For the lower-frequency RC relaxation (E 2), which represents the dominant pseudocapacitive contribution (Figure), the calculation of the characteristic quantum resistance R q = τ/C q yielded 25.6 kΩ. This value is within 1*%* error of the fundamental von Klitzing constant (R K = h/e ^2^ ≈ 25.8 kΩ).? This is a definitive, measurable signature that the dynamics governing charge injection and storage in rGO-based supercapacitors follows QR dynamics principles (E = hν ∝ e ^2^/hC q), directly challenging the classical, geometry-based view. The measurable parameters R q and C q thus provide a unified framework for characterizing both the kinetics (rate of charging) and the electronic structure (C q ∝ DOS) of these high-performance nanosystems.?
Final Remarks and Conclusions
4
A theoretical principle, termed QR, that unifies ET rate (electrochemistry) and quantum transport (nanoscale electronics) phenomena operating in an electrolyte environment was revised. Namely, the QR viewpoint of these phenomena demonstrates how ET processes are driven by electrodynamics that obey quantum principles despite the damping of the electrolyte environment (classical dynamics). The electrolyte’s dynamics control the rate and ‘drift’ velocity of the process but permit quantum coherence (at ambient temperatures) to be maintained for the transport of electrons, which encompasses semiclassical ET transfer as a particular setting of the QR theoretical framework. De facto, it is the electrolyte dynamics that sets out the conditions for coherent transport to operate.
According to eq, coherent transport R q = g s e ^2^/h can be established between the quantum capacitance C q and the electrode’s states. This occurs through an external temporal perturbation of the electrode provided that the electrode is modified with E μ = hν μ ∝ e ^2^/hC q moieties, which are contained in low-dimensional structures and embedded in an electrolyte environment. The dynamics of the electrolyte is important because E μ = g e(e ^2^/C q) = g e e ^2^/C e, where the quantum and electrolyte states are superposed. This superposition maintains electroneutrality and electrochemical equilibrium. One can say this constitutes a particular isoscopic state, where classical and quantum mechanics meet. Therefore, the electrolyte environment is crucial for studying quantum electronics and designing quantum circuits that utilize quantum moieties, such as molecular switches.
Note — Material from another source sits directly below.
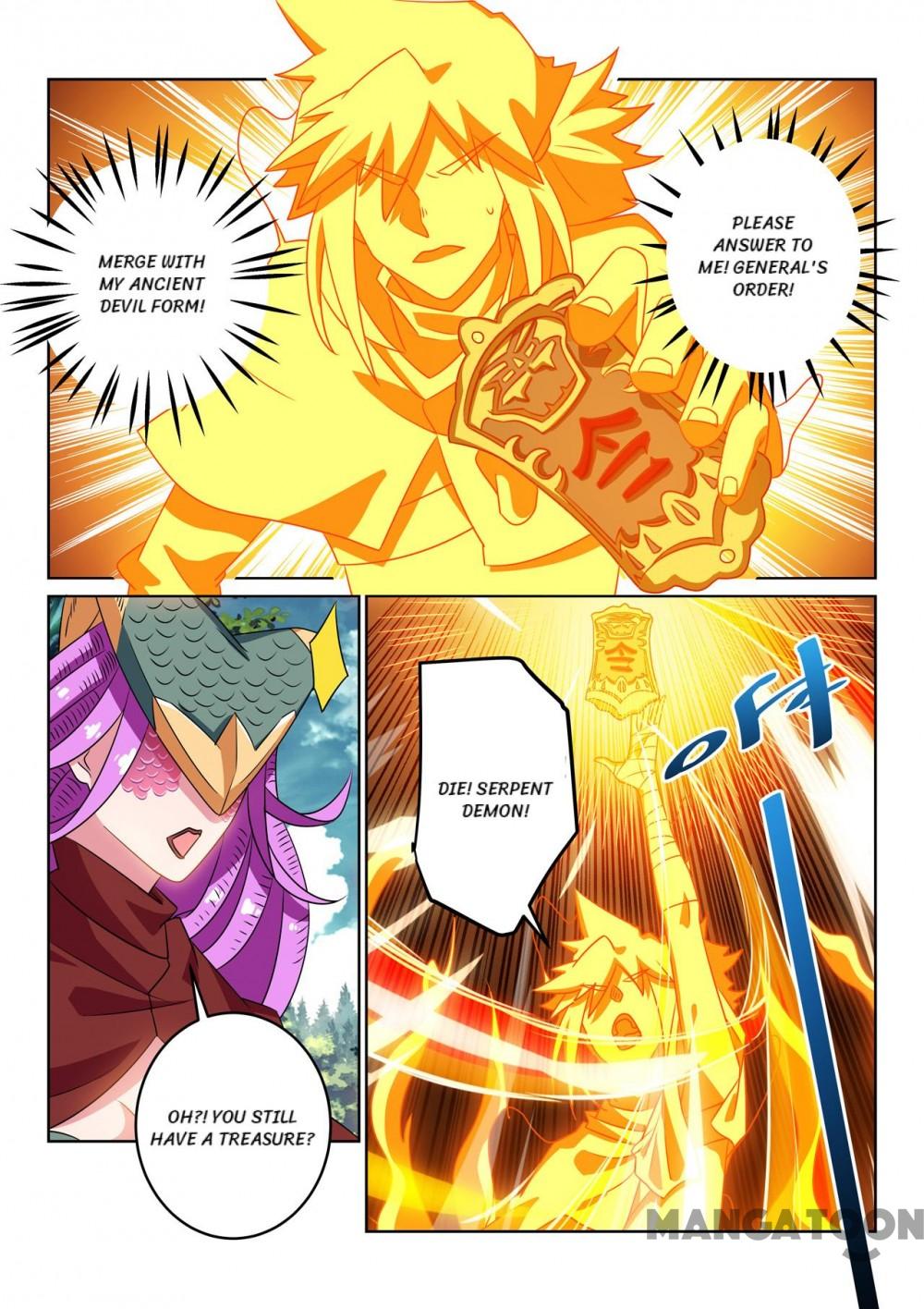 Page 7 of Chapter 122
The reorganization energy λ_0_, as defined in semiclassical electron transfer theory, must be reconsidered in the context of coherent quantum mechanics and electron transport between quantum states in electrolytes. Traditional definitions focus on ET rate constants in electrochemical reactions and do not incorporate electrolyte dynamics beyond the electron transfer phenomenon. However, some systems, such as those involving graphene and quantum dots discussed in section, lack ET reactions altogether. In these cases, coherent quantum electronics in electrolytes drive phenomena like push–pull junction electronics? and supercapacitance? in reduced and oxidized graphene. Experimental studies also reveal phenomena such as relaxation resistance R q = h/g s e ^2^ ≈ 12.9 kΩ (associated with C q), where ET is absent and the usual interpretation of λ_0_ does not apply. The QR framework replaces λ_0_ with measurable quantum circuit parameters (R q and C q) intrinsic to the material’s electronic structure, providing a unified kinetic and transport view for electrochemical materials science. Therefore, further research is needed on the impact of electrolyte dynamics on quantum coherent transport to develop new theoretical frameworks that redefine λ_0_ beyond conventional ET chemical kinetics.